Work task:
Write out the listing in full, matching it word for word.

BEGIN Information supplied

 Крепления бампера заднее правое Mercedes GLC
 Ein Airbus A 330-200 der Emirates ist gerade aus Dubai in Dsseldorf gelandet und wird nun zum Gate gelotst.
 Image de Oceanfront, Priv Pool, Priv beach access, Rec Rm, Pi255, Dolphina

END Information supplied

Exercise solution:
 Крепления бампера заднее правое Mercedes GLC
 Ein Airbus A 330-200 der Emirates ist gerade aus Dubai in Dsseldorf gelandet und wird nun zum Gate gelotst.
 Image de Oceanfront, Priv Pool, Priv beach access, Rec Rm, Pi255, Dolphina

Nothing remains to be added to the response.